Monday, October 15, 2007

Migration

Wow. I must say, I'm totally impressed with this feature in RoR. I'm so glad that this feature comes packaged with RoR, and that I don't have to do this manually. I remember writing SQL files to do this, and keeping them organized so I can run them later. It was a pain in the ass!

When I heard about this built-in feature, my draw dropped. Migration basically allows you to manipulate the database in any way. Each file has an 'up' and a 'down'. The 'up' makes changes to your database, whereas the 'down' rolls back your changes. Each file is also versioned, so you can quickly move your database to any previous version, or blow it away entirely and rebuild it. This is nice when you first start developing because there may be some kinks in the database design. However, when the database becomes stable and the application is ready to use, user data is stored, and this data should not be lost when adding upgrades or rollbacks. The migration files give a nice way to centralize and remember the changes and their rollbacks.

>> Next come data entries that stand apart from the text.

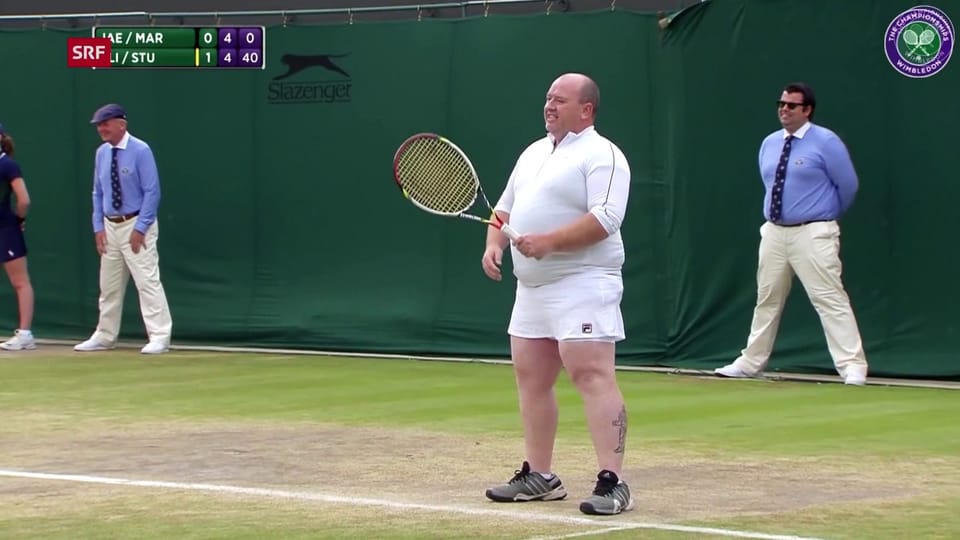 Rückblick auf lustige Wimbledon-Momente
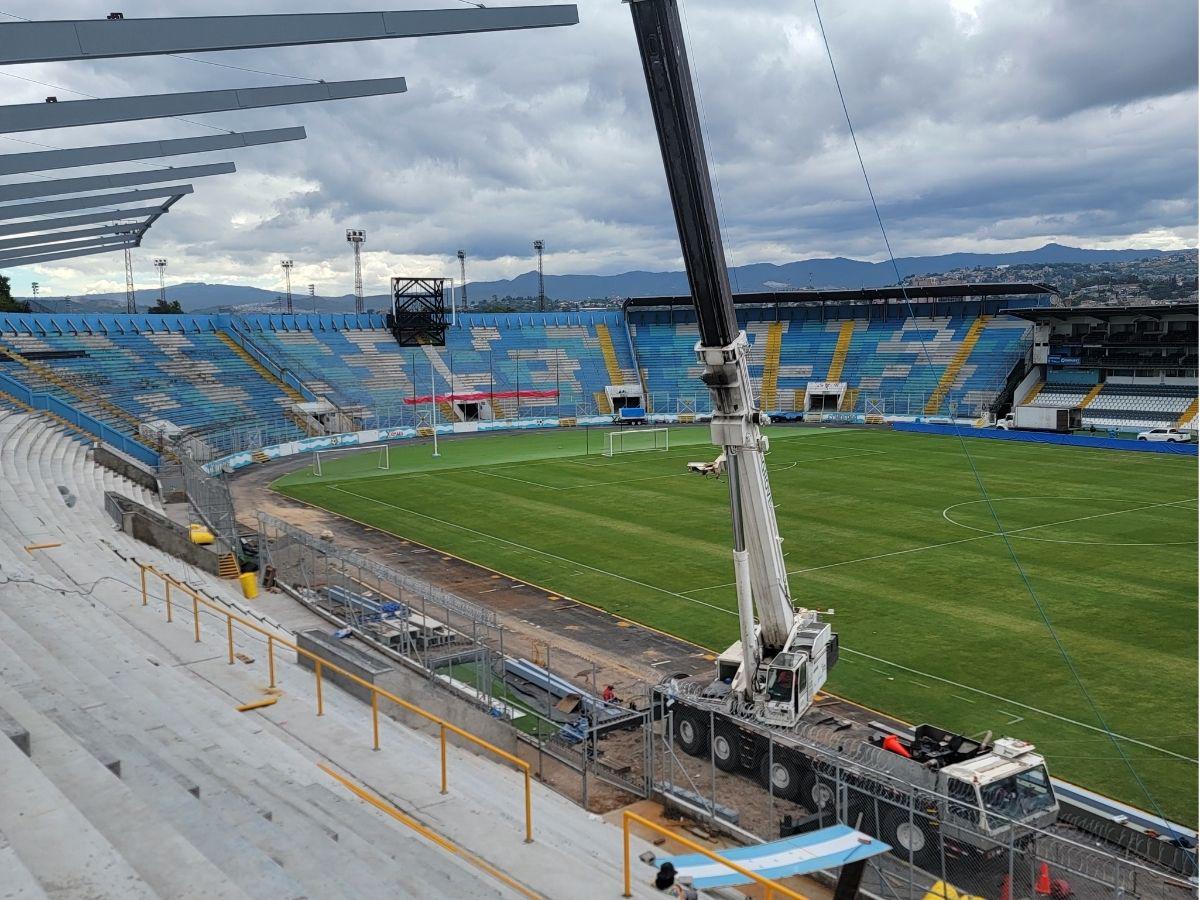 ¡Otro paso importante! Condepor anuncia finalización de trabes para el moderno techado de sol centro del Estadio Nacional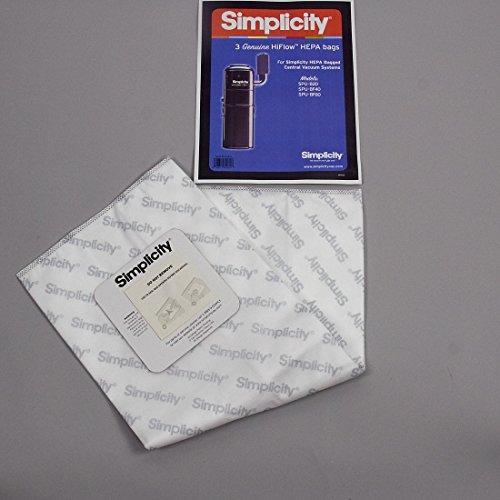 Sacs Simplicity Central Vacuum Bags SCB-3 pour aspirateur centralisé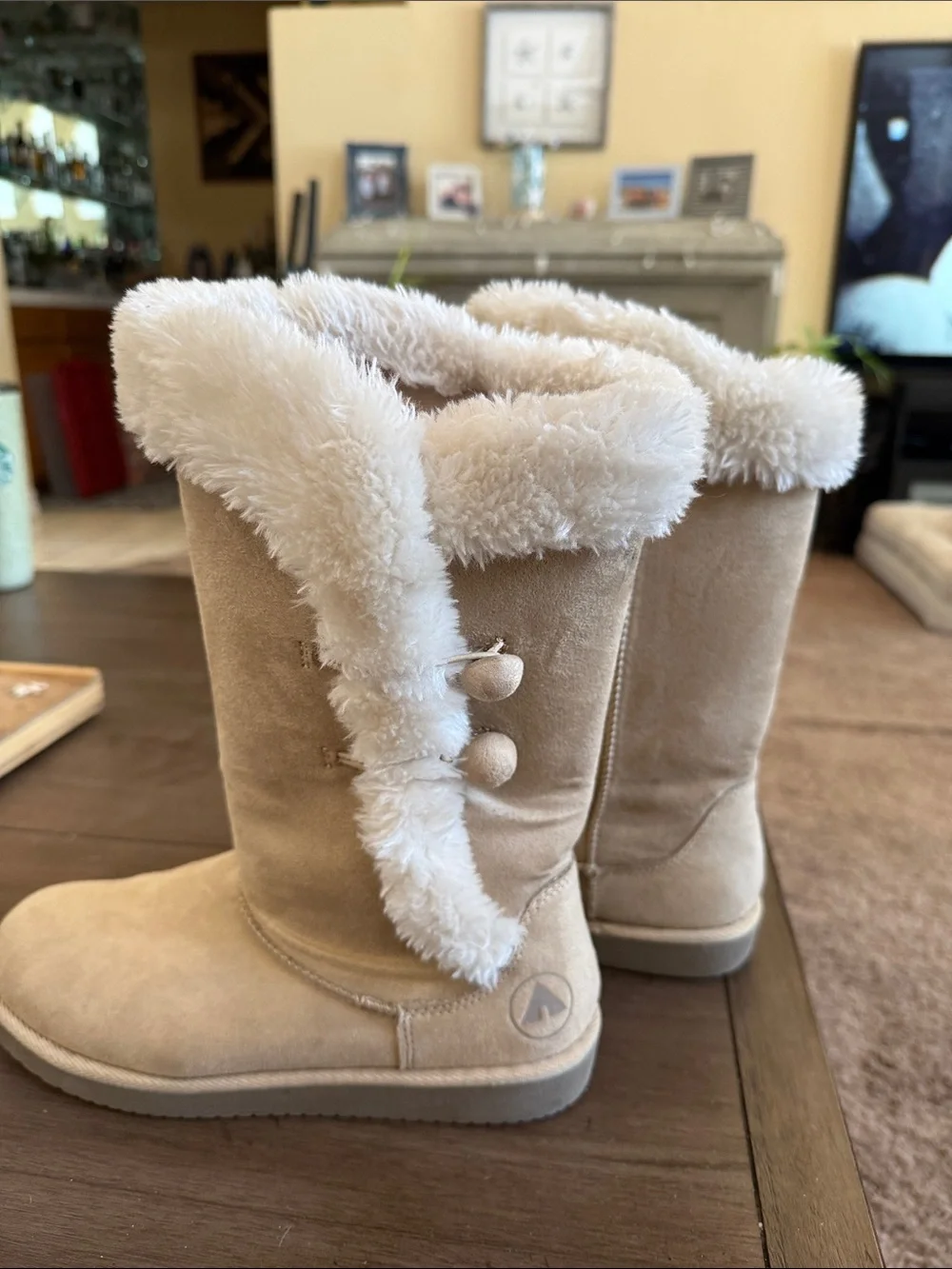 Airwalk Women's Light Tan Faux Fur Winter Boots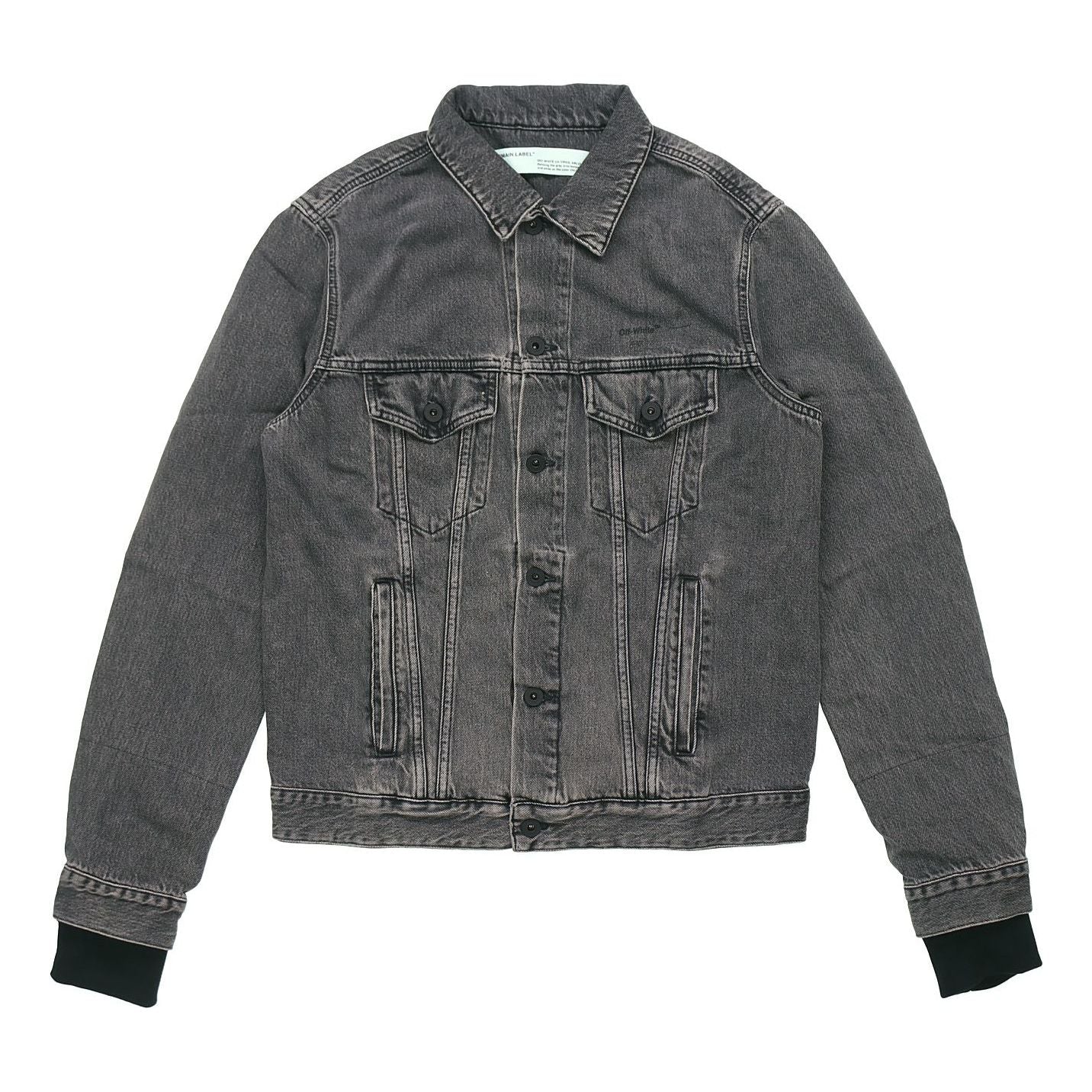 Džínsy Off-White Distressed Denim Jacket Šedá | OMYE019R19C270120888, 0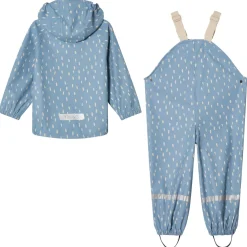 San Marino Ofodrat Regnställ Dove Blue Dots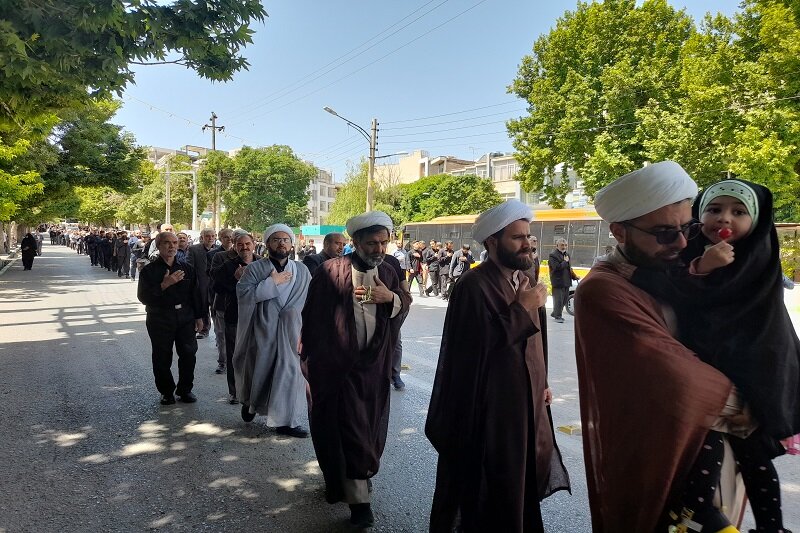 مراسم سالروز شهادت امام جعفر صادق(ع) در کرمانشاه برگزار شد + عکس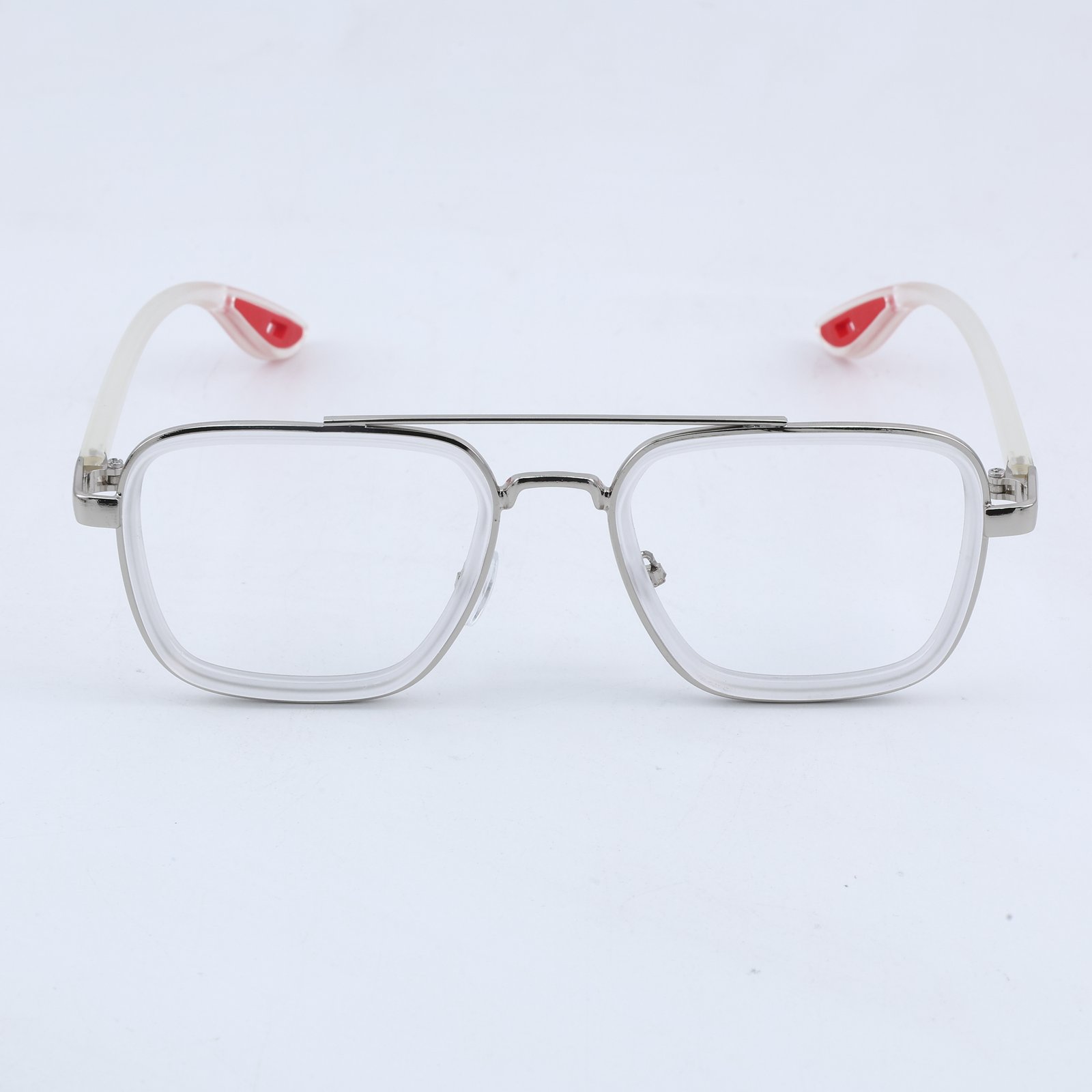 OG Crystal Air | Transparent Square Aviator Eyeglasses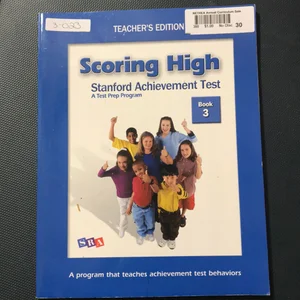 Scoring High on Sat - Teacher Edition Grade 3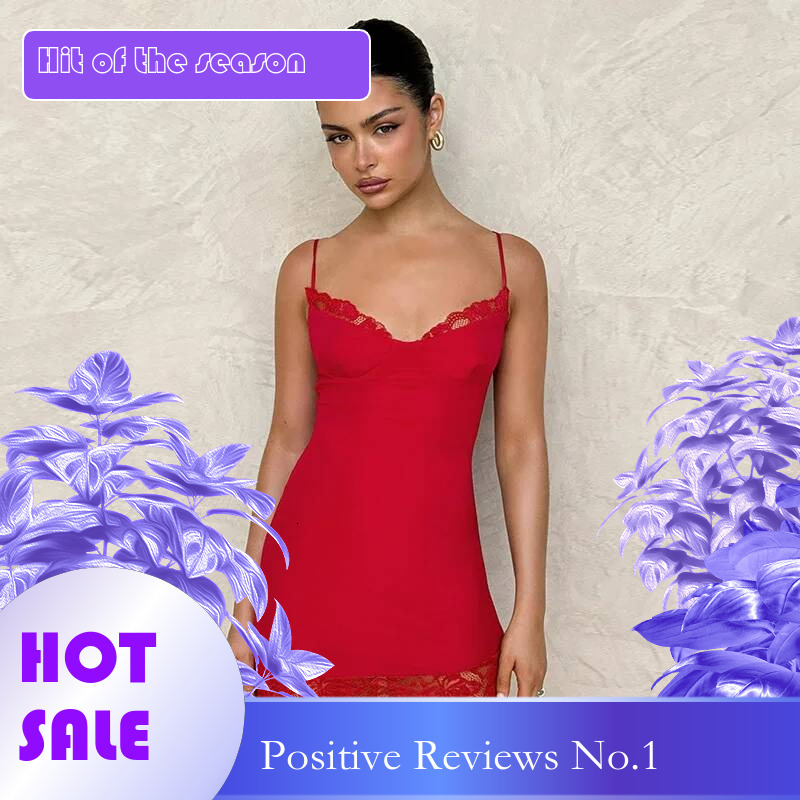 Dongdumaoyi Townlike Lace Side Slim Bodycon Dress Women Spaghetti Strap Mini Spring Summer Strapless Nightclub Sexy Party Dresses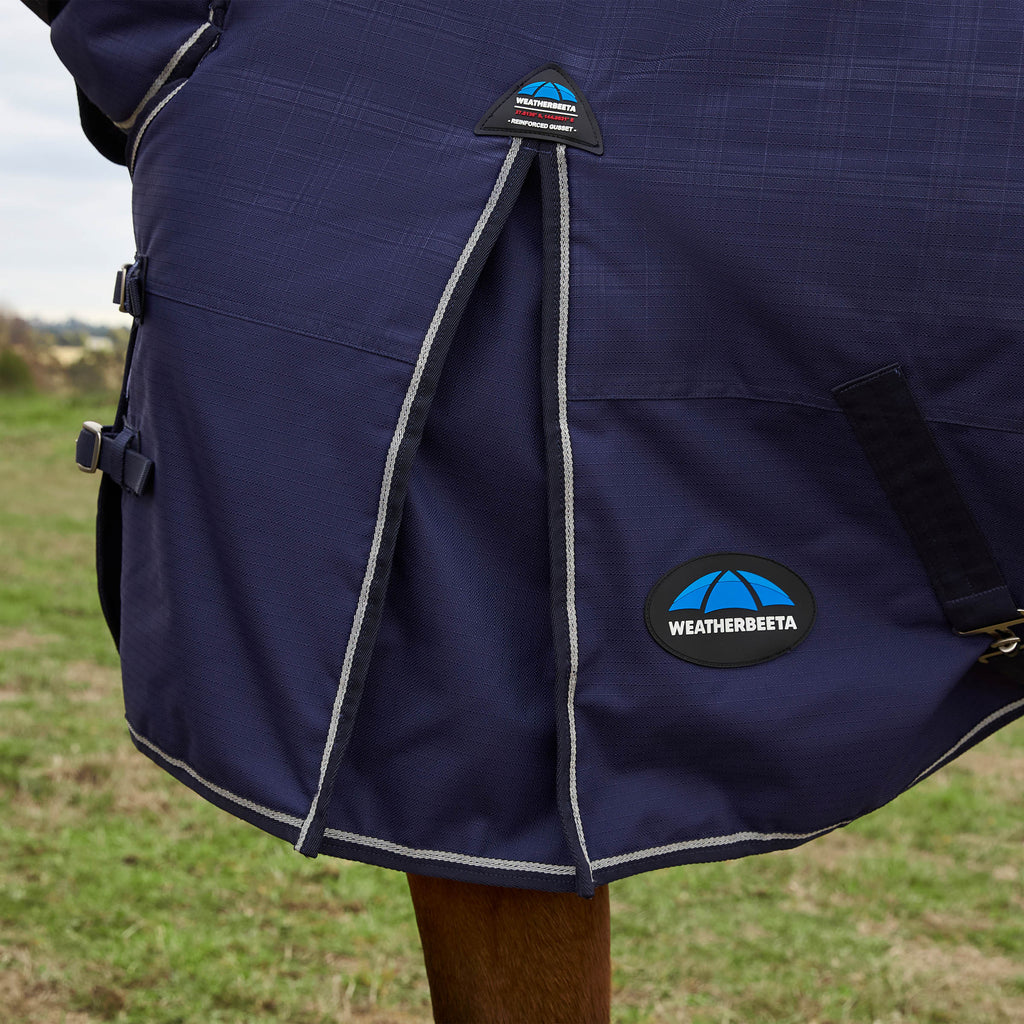 Weatherbeeta Comfitec Prelim Turnout Combo 220g - Navy/ Embossed Plaid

RoR has an online API documentation that is quite useful and can be found here:

http://api.rubyonrails.org/

Under ActiveRecord::Migration contains all of the possible things you can do with migration.

By running:

>rake db:migrate VERSION=0

RoR will rollback all changes in reverse version order. This will basically blow away your database. If your keen, you'll notice that VERSION is specified, and that the number refers to the version you want your database to be at. So if you're currently on version 10, you could have VERSION=9, which would rollback the changes when version 10 was made.

By running:

>rake db:migrate

RoR will apply all the versions after the current version of your database. Hence, if you have a fresh database, using this command will get you up to speed right away!

Migration... Check it out if you have time. I hope it'll blow you away as much as it did for me.